Brief
An a/b test was carried out on a financial services virtual assistant with two opening utterances: one that did not disclose the user was talking to a virtual assistant; and another with a stylised dial tone that stated the bot was a virtual assistant. For 'virtual assistant' calls, we found KPIs roughly stayed the same as 'undisclosed' calls, however, calls were shorter and customer satisfaction survey results improved.
Background
When joining PolyAI, I found a strong consensus that voice assistants should be indistinguishable from a human at the start of the conversation in order to generate greater user engagement. I wanted to challenge this assumption and so organised a design team hackathon to explore this idea. I ran ideation sessions with the team, mapping out how this approach has caused UX degradations in live calls and digging into linguistic theories on how speakers interact with one another in a customer service content.
In reviewing user interactions, we identified three categories of users:
Group 1:
Users that provide a short yet informative utterance. This was the optimal level of information and utterance length, where our natural language understanding (NLU) could suitably extract an intent and direct the user to the correct content.
Group 2:
Users that speak in short utterances. These users would often be trying to 'guess' what the system wanted to hear, rather than using natural language. As such, bot performance would falter as not enough useful information would be extracted.
Group 3:
Users that think they are talking to a human and so provide too much information. This level of information would confuse the NLU models, causing too many intents to fire in different combinations, resulting in weaker performance.
Our hypothesis was that, if we were able to convey to users that they weren’t talking to another human but were talking to something more advanced than a low-quality automated phone line, we could reduce the number of group 2 and 3 users. In short, this would mean we could elicit more informative, succinct utterances from users and, in turn, more efficient and useful interactions.
Method
After discussing the approach with the team, I ran an a/b test on one of my projects — a virtual assistant for a financial services client with an older user population.

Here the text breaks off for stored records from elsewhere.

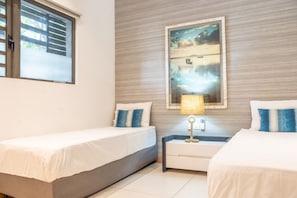 A hotel room with two beds, a nightstand, a lamp, and a painting on the wall. - Amazing Sunsets & Plunge Pool - Walk to Everything (Grande Riviere Noire)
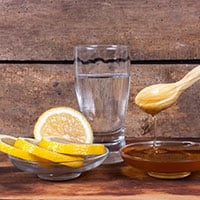 6 Reasons Why You Should Drink Lemon And Honey Water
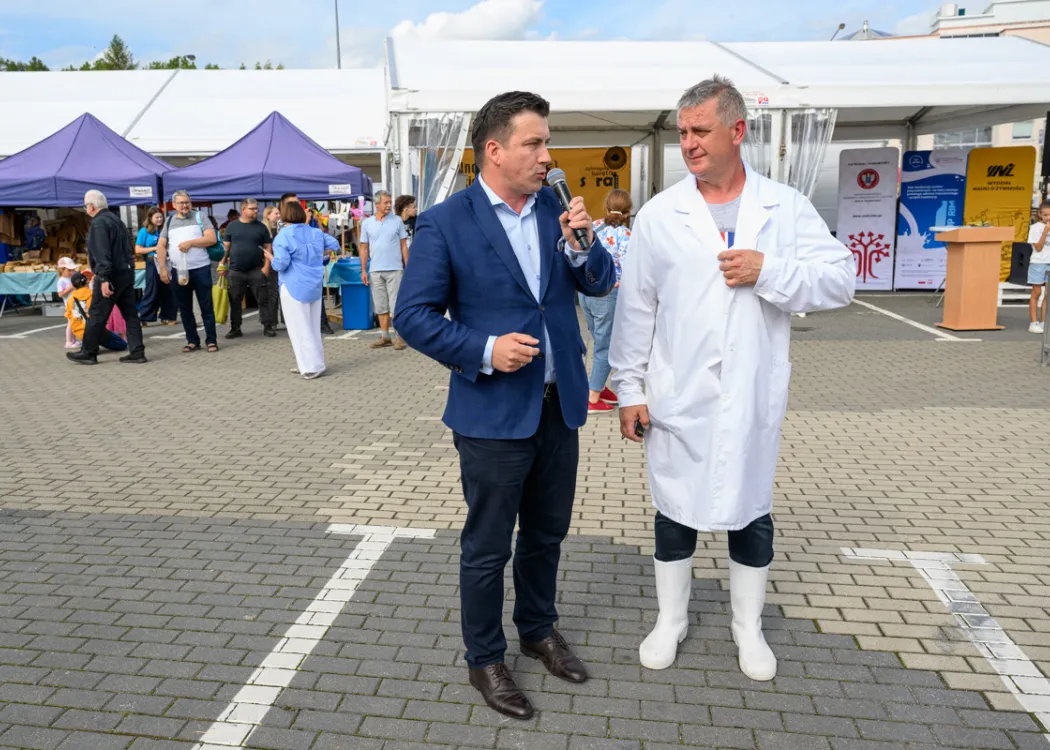 Święto Sera 2025: dwóch mężczyzn rozmawia ze sobą, jeden ubrany jest w biały fartuch i białe gumaki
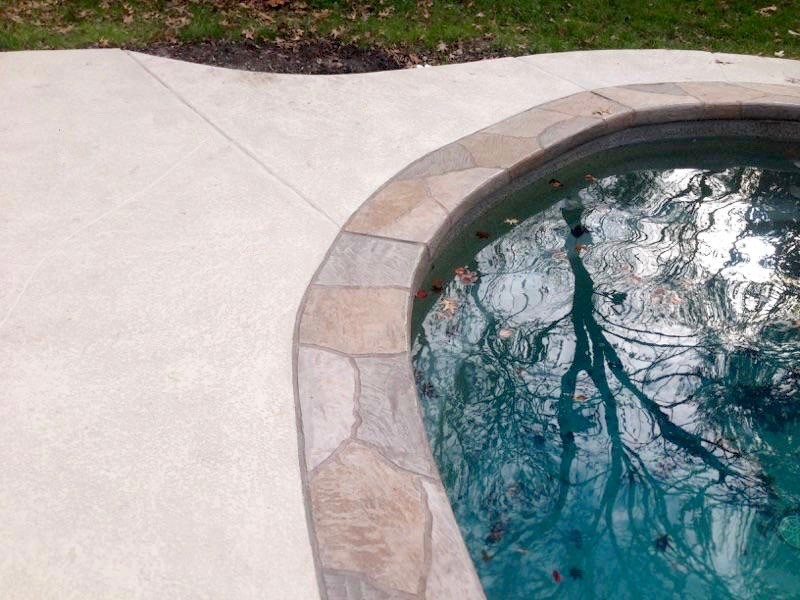 Mid-sized elegant backyard stamped concrete and custom-shaped natural pool photo in St Louis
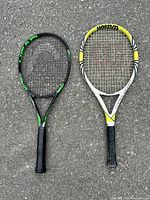 Two adult tennis rackets laid side by side on outdoor pavement, Wilson THREE.SEVEN white/yellow and HEAD Metallix black/green, showing front side with strings and grips visible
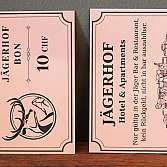 Zwei aufgestellte Karten mit Jägerhof-Logo und Hotelinformationen auf einer Holzfläche, daneben weitere Karten und Geweihdekor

The a/b test varied what was said by the bot as soon as the user was connected, known as the 'greet utterance'.
The original greet utterance of the bot stated “Hi, thanks for calling {name of client}. How can I help?”. This utterance did not disclose that the system was a virtual assistant, meaning that more users could assume it was a human. This was used as the ‘a’ utterance.
The ‘b’ utterance had two key changes to it. While it discloses the bot is a virtual assistant and its purpose, the dial tone also merges into a piano tone.
The piano sound, while a little cheesy, was chosen for two main reasons.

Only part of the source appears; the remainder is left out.